Submitted to: Crop Science
Publication Type: Peer Reviewed Journal
Publication Acceptance Date: March 28, 2008
Publication Date: September 22, 2008
Citation: Casler, M.D. 2008. Agricultural Fitness of Smooth Bromegrass Populations Selected for Divergent Particle-Size Reduction Index. Crop Science. 48:1793-1798. Interpretive Summary: Increasing voluntary intake potential, the amount of a forage than a ruminant can consume in a meal, is a powerful way to improve livestock performance via increased forage quality. Intake is greatest in forages that breakdown rapidly during chewing, rumination, and digestion. We have developed a new laboratory tool that measures the resistance of grass leaves to breakdown. This procedure, particle-size reduction index (PSRI) can be used in a forage breeding program to develop forages that have more rapid and more thorough breakdown into smaller particles that are more easily digested and utilized by livestock. In this research, we have discovered that there may be some negative agronomic consequences to increased PSRI, including most notably a decrease in forage yield. However, none of the relationships were very strong, suggesting that we can increase PSRI without any negative consequences if we also select for forage yield and other agronomic traits at the same time. This informaiton will be important to other forage breeders and will eventually impact forage and livestock producers with the development of varieties with improved intake potential.

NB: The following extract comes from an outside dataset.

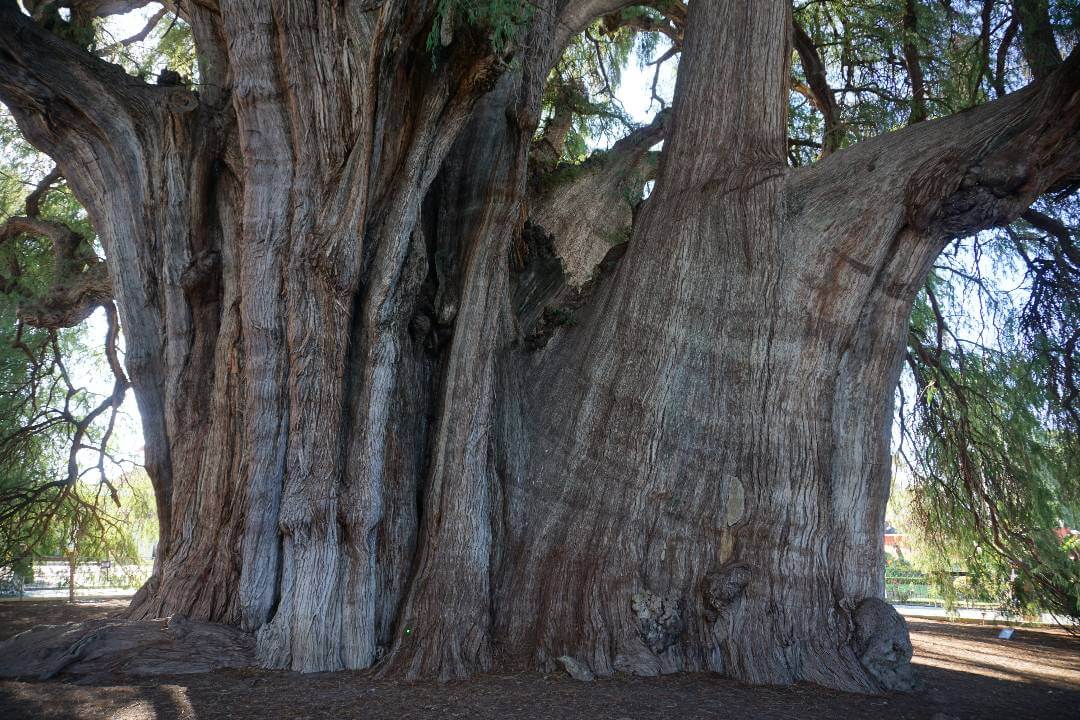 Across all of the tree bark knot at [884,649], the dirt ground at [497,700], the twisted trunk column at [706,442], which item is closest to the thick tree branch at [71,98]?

Technical Abstract: Voluntary intake potential of a forage crop is generally considered to be the most important feed characteristic regulating animal performance. Efforts to develop forage crops with reduced neutral detergent fiber (NDF) concentration are associated with reduced plant fitness, prompting the development of alternative approaches, such as particle-size reduction index (PSRI). The objective of this research was to characterize correlated selection responses of four fitness traits following divergent selection for PSRI. Twelve smooth bromegrass populations (four base populations and their Cycle-1 high-PSRI and Cycle-1 low-PSRI progeny) were evaluated for forage yield, ground cover, seed yield, and lodging. Divergent selection for PSRI resulted in a negative change in forage yield, ranging from -0.097 to -0.379 Mg ha-1 cycle-1 across the four base populations. Pleiotropy or very tight linkage between loci controlling forage yield and PSRI accounted for only about half of the variation due to selection. The greater inconsistency of forage yield selection responses across the four populations, the lesser proportion of forage yield sum of squares attributable to divergence (pleiotropy or tight linkage), and the reduced magnitude of linear selection responses for PSRI compared to NDF suggest that PSRI may be a more effective selection criterion for improving intake potential of smooth bromegrass.